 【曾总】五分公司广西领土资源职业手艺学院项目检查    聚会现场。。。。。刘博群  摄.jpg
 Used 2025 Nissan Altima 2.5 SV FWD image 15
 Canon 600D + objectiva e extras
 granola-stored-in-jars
.....
EXERCISE OBJECTIVE - Retype all of the material, keeping each line exact.

RESULT FOR THIS EXERCISE -
 【曾总】五分公司广西领土资源职业手艺学院项目检查    聚会现场。。。。。刘博群  摄.jpg
 Used 2025 Nissan Altima 2.5 SV FWD image 15
 Canon 600D + objectiva e extras
 granola-stored-in-jars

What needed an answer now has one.